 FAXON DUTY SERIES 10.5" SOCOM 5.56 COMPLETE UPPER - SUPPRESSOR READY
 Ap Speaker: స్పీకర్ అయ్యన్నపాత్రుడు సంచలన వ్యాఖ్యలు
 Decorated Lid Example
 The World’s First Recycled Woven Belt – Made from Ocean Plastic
...
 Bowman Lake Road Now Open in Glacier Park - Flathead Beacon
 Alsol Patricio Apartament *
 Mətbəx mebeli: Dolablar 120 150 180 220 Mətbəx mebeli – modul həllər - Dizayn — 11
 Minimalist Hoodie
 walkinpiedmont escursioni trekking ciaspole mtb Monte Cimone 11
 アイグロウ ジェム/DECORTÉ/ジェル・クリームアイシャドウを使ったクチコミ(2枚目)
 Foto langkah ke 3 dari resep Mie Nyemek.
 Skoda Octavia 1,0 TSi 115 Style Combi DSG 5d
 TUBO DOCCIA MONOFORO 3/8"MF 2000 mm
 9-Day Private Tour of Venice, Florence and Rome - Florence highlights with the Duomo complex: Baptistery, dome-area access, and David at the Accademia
==
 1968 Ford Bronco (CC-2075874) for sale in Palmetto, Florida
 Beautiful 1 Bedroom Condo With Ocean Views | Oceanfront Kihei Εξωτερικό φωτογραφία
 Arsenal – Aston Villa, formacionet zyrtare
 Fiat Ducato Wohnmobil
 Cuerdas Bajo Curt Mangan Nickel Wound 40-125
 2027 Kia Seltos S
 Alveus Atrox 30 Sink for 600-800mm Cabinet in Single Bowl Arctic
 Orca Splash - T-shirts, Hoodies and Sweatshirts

** Requirement **
List each line in the listing that contains the string "Ocean".

** Solution to this exercise **
 The World’s First Recycled Woven Belt – Made from Ocean Plastic
 Beautiful 1 Bedroom Condo With Ocean Views | Oceanfront Kihei Εξωτερικό φωτογραφία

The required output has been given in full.